YOUR GOAL: Where an image appears, leave it out; otherwise repeat the data exactly.

PROVIDED RECORDS:
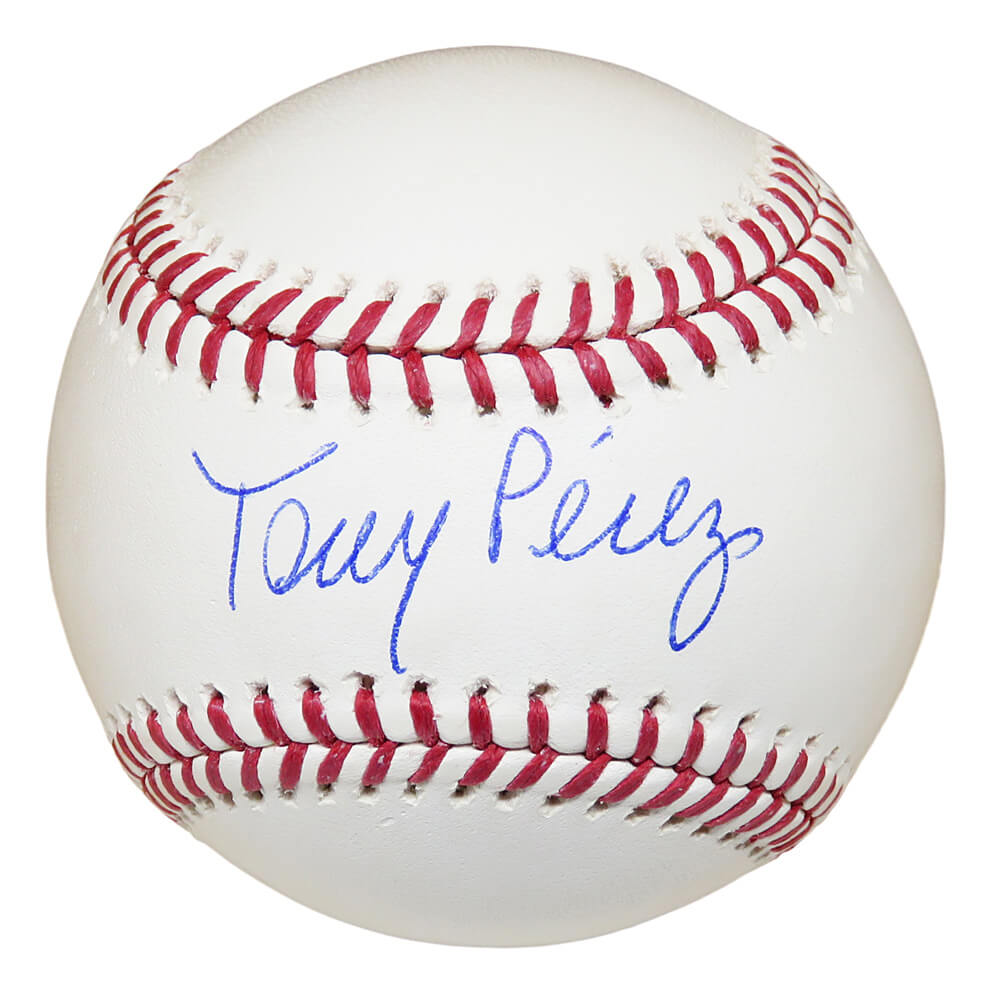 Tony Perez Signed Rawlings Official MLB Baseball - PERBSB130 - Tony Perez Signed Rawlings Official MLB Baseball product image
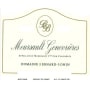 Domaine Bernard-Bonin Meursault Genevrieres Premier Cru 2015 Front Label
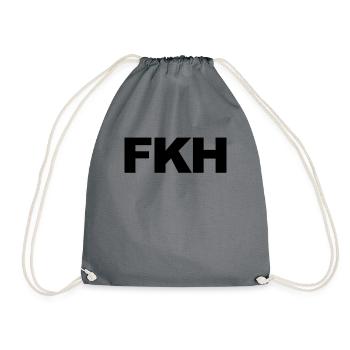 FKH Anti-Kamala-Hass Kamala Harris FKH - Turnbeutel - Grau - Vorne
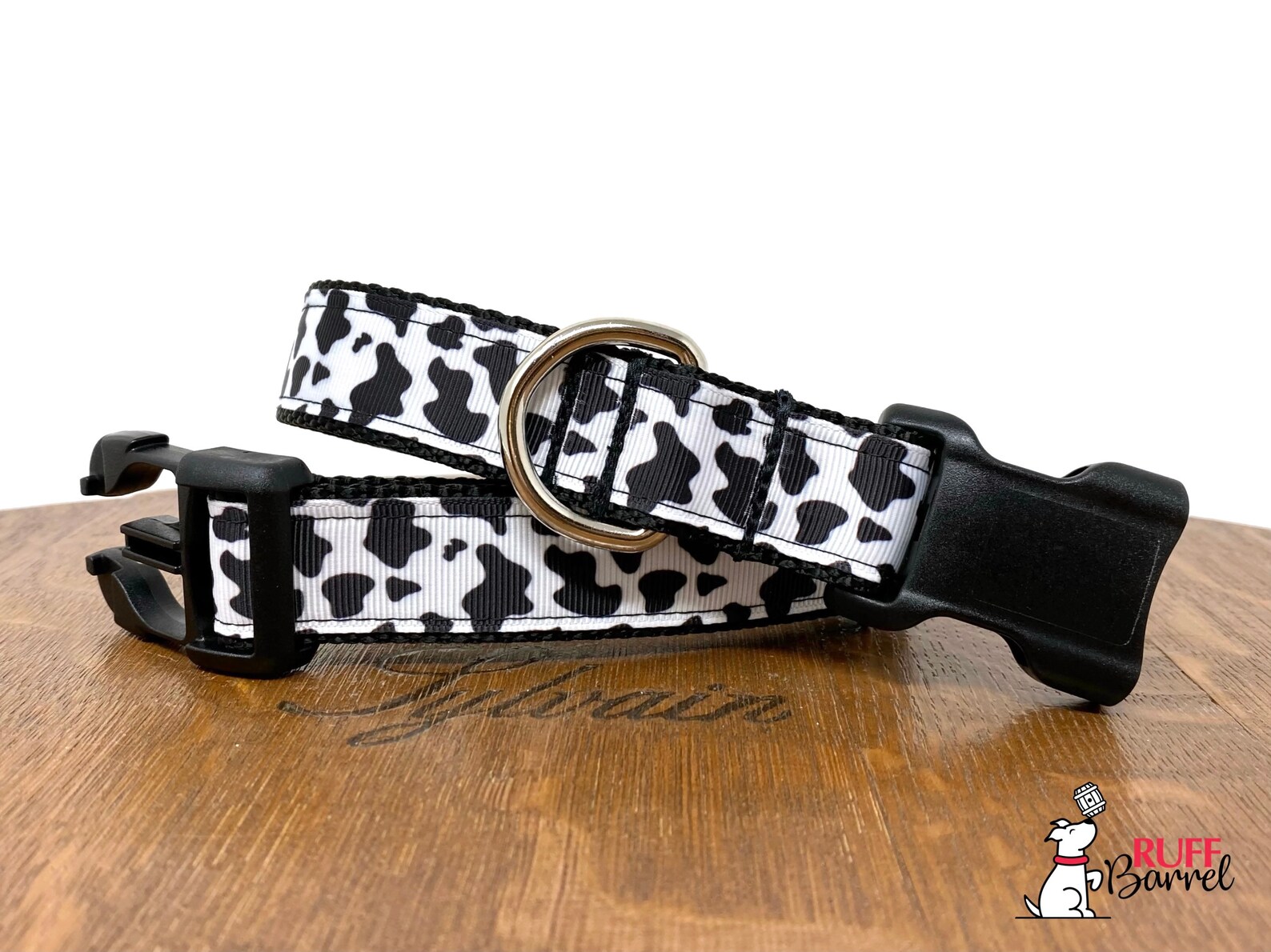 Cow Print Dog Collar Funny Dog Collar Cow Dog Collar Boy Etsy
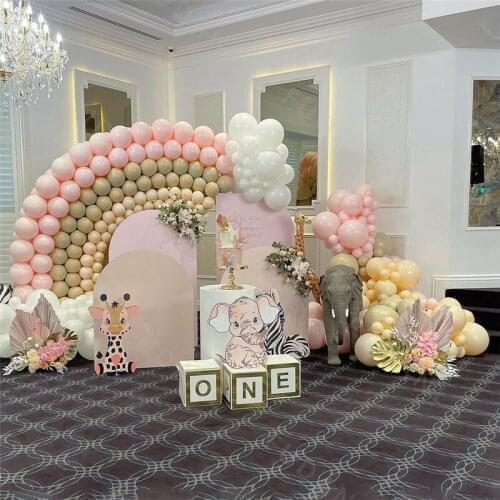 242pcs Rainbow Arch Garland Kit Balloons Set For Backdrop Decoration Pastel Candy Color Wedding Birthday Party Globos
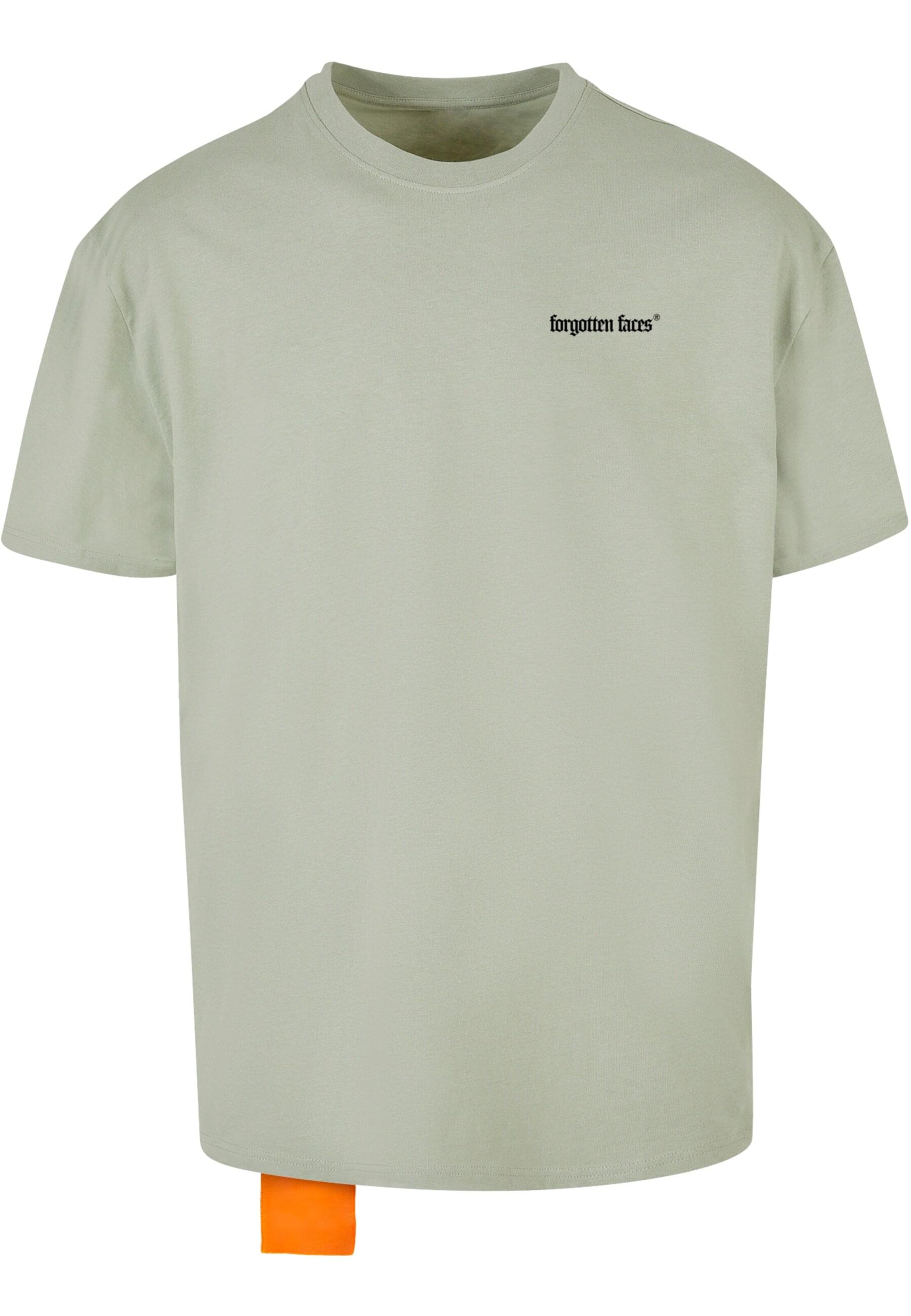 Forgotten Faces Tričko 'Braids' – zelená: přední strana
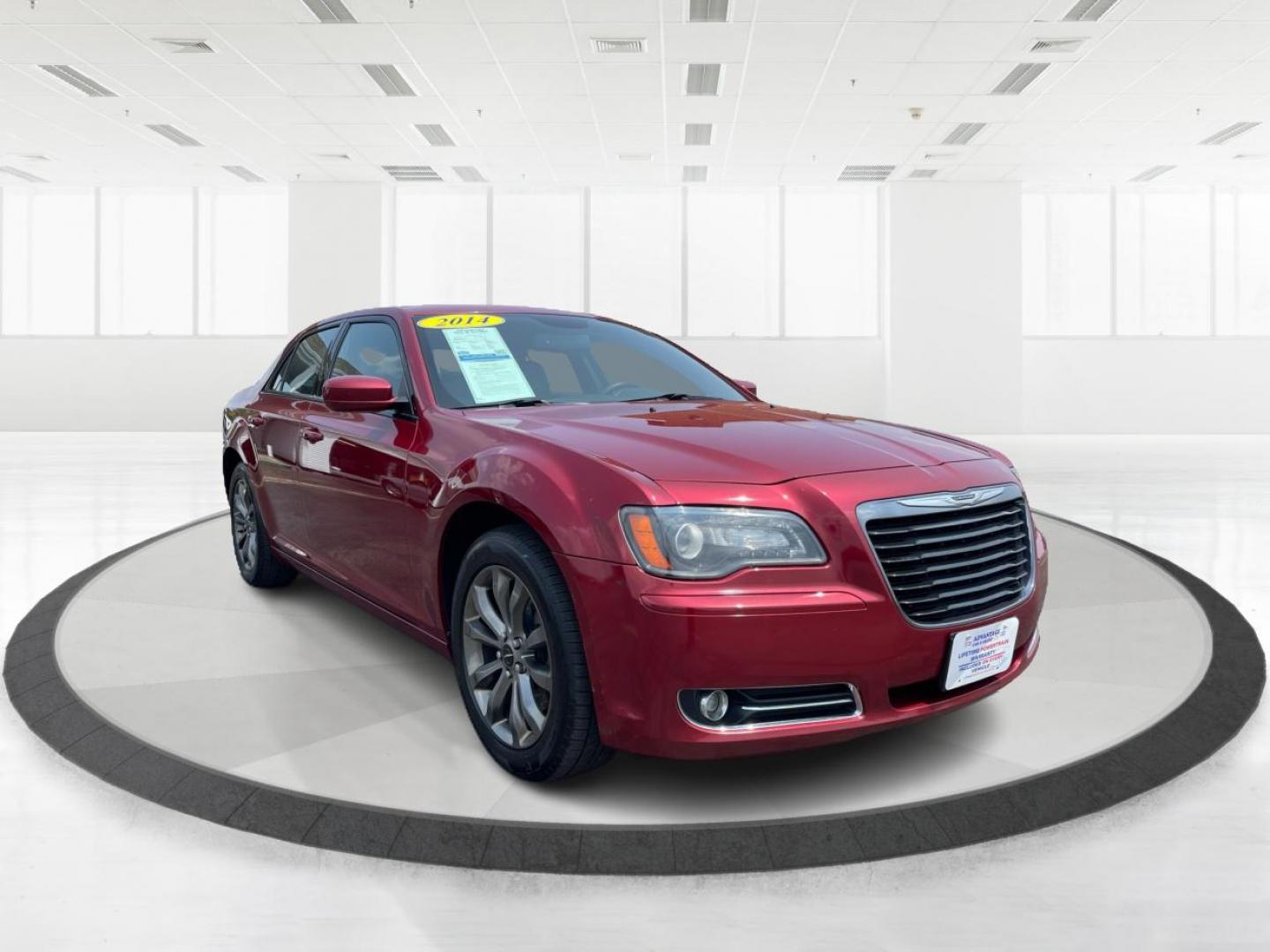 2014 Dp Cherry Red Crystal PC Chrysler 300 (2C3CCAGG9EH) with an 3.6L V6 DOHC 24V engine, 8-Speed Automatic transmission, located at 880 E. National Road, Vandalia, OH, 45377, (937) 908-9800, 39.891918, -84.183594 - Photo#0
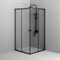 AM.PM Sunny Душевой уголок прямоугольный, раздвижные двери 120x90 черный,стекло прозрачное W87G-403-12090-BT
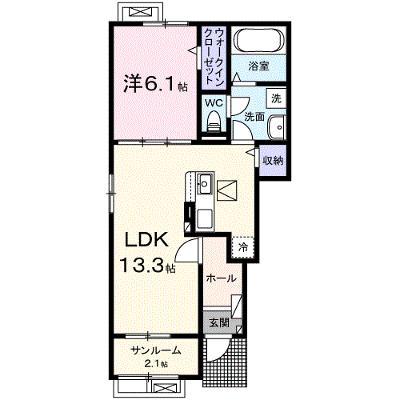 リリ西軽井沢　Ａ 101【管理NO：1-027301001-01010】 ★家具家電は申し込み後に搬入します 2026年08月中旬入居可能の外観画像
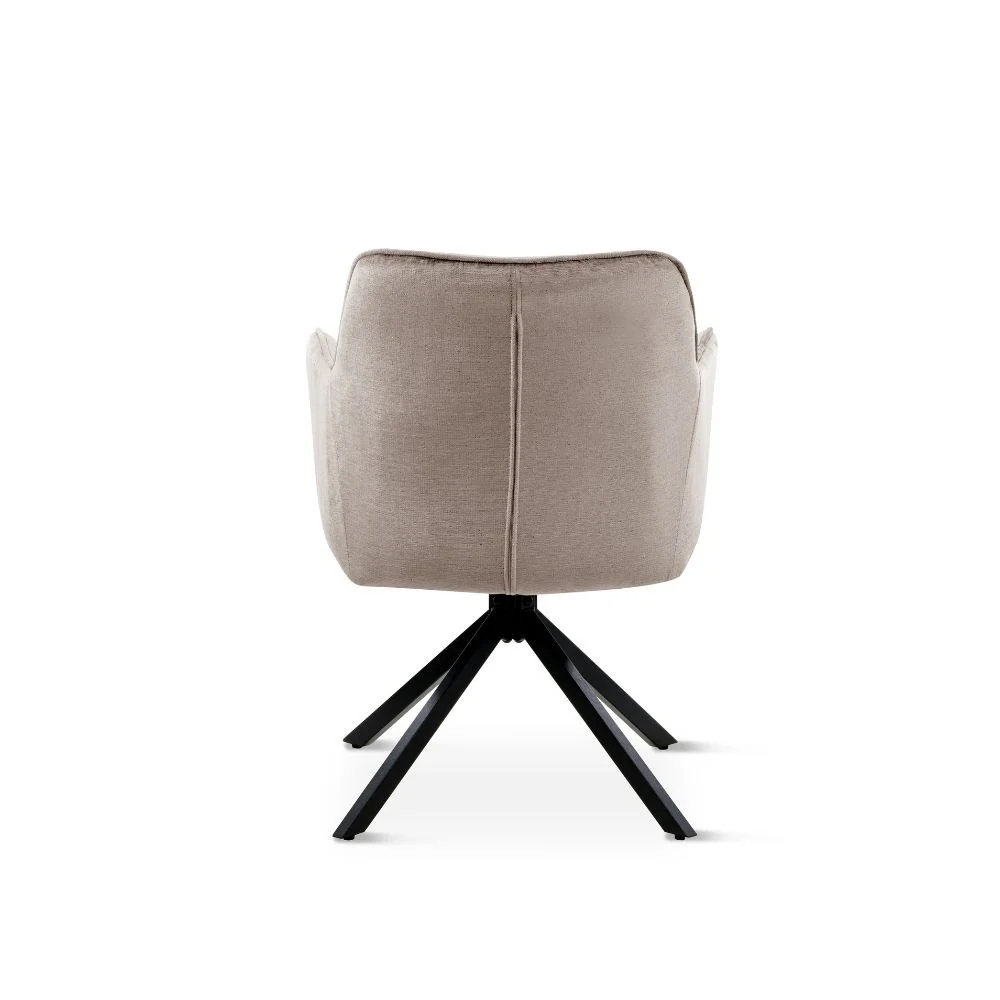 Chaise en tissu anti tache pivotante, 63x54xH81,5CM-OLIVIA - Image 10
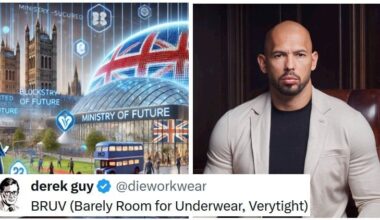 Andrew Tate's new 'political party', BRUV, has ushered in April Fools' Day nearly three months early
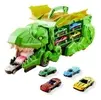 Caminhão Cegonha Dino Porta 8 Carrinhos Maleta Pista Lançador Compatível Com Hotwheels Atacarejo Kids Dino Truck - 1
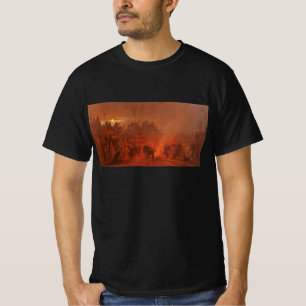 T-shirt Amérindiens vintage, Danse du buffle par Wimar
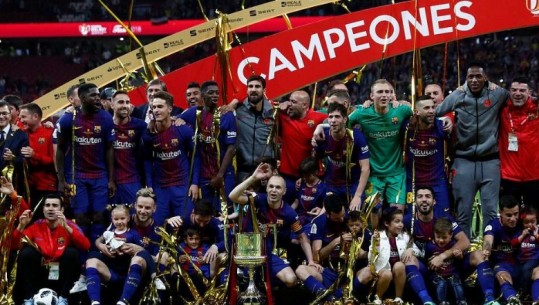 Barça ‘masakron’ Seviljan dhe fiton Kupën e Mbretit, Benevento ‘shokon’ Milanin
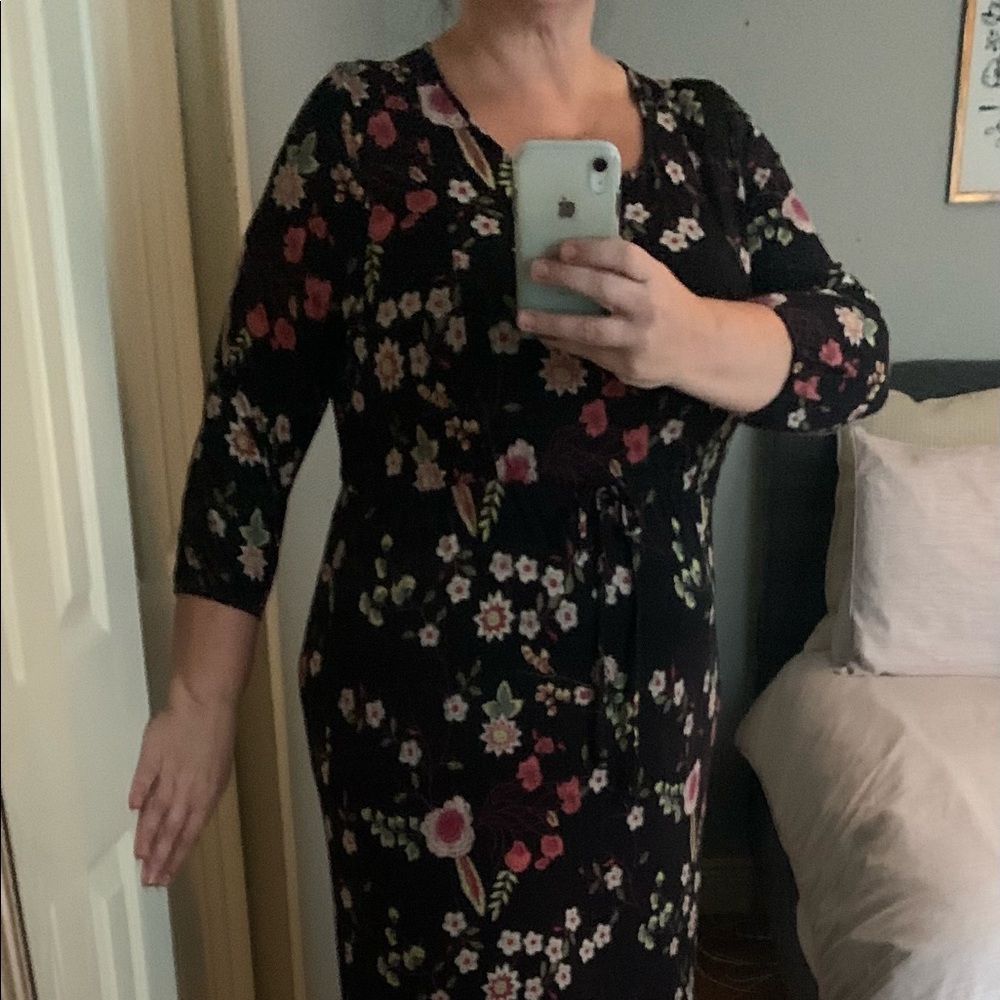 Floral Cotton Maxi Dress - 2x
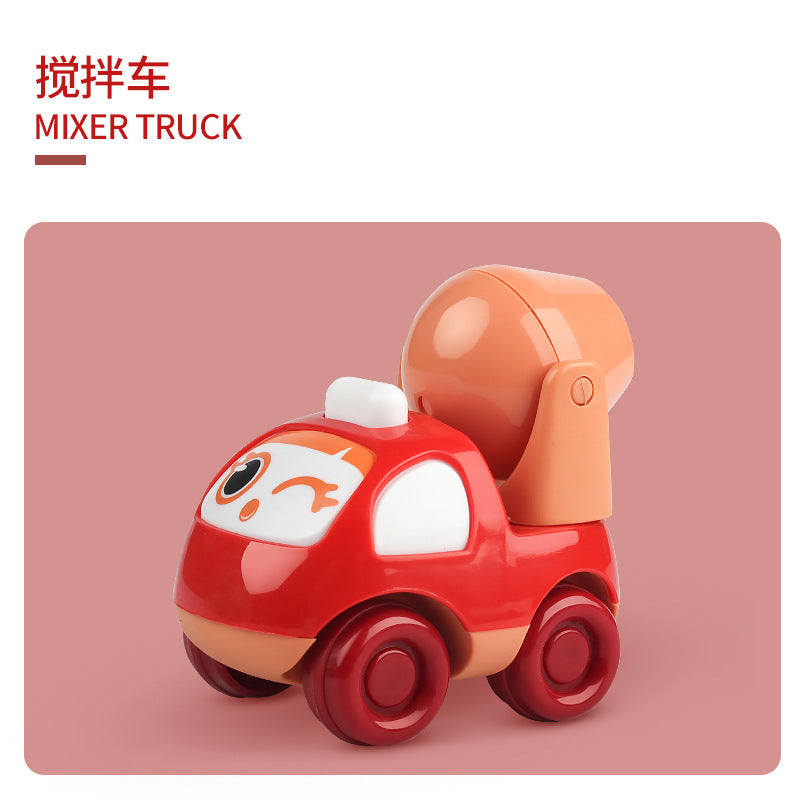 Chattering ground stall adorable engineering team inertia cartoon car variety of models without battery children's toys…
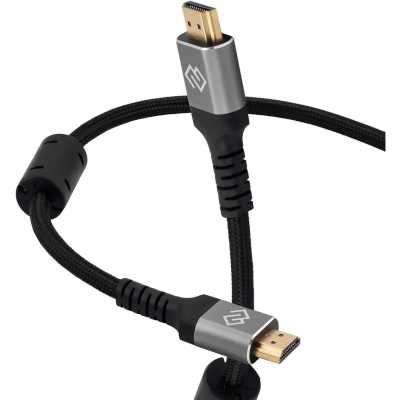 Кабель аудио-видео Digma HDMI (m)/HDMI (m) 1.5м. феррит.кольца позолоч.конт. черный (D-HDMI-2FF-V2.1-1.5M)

RESPONSE AREA:
 Tony Perez Signed Rawlings Official MLB Baseball - PERBSB130 - Tony Perez Signed Rawlings Official MLB Baseball product image
 Domaine Bernard-Bonin Meursault Genevrieres Premier Cru 2015 Front Label
 FKH Anti-Kamala-Hass Kamala Harris FKH - Turnbeutel - Grau - Vorne
 Cow Print Dog Collar Funny Dog Collar Cow Dog Collar Boy Etsy
 242pcs Rainbow Arch Garland Kit Balloons Set For Backdrop Decoration Pastel Candy Color Wedding Birthday Party Globos
 Forgotten Faces Tričko 'Braids' – zelená: přední strana
 2014 Dp Cherry Red Crystal PC Chrysler 300 (2C3CCAGG9EH) with an 3.6L V6 DOHC 24V engine, 8-Speed Automatic transmission, located at 880 E. National Road, Vandalia, OH, 45377, (937) 908-9800, 39.891918, -84.183594 - Photo#0
 AM.PM Sunny Душевой уголок прямоугольный, раздвижные двери 120x90 черный,стекло прозрачное W87G-403-12090-BT
 リリ西軽井沢　Ａ 101【管理NO：1-027301001-01010】 ★家具家電は申し込み後に搬入します 2026年08月中旬入居可能の外観画像
 Chaise en tissu anti tache pivotante, 63x54xH81,5CM-OLIVIA - Image 10
 Andrew Tate's new 'political party', BRUV, has ushered in April Fools' Day nearly three months early
 Caminhão Cegonha Dino Porta 8 Carrinhos Maleta Pista Lançador Compatível Com Hotwheels Atacarejo Kids Dino Truck - 1
 T-shirt Amérindiens vintage, Danse du buffle par Wimar
 Barça ‘masakron’ Seviljan dhe fiton Kupën e Mbretit, Benevento ‘shokon’ Milanin
 Floral Cotton Maxi Dress - 2x
 Chattering ground stall adorable engineering team inertia cartoon car variety of models without battery children's toys…
 Кабель аудио-видео Digma HDMI (m)/HDMI (m) 1.5м. феррит.кольца позолоч.конт. черный (D-HDMI-2FF-V2.1-1.5M)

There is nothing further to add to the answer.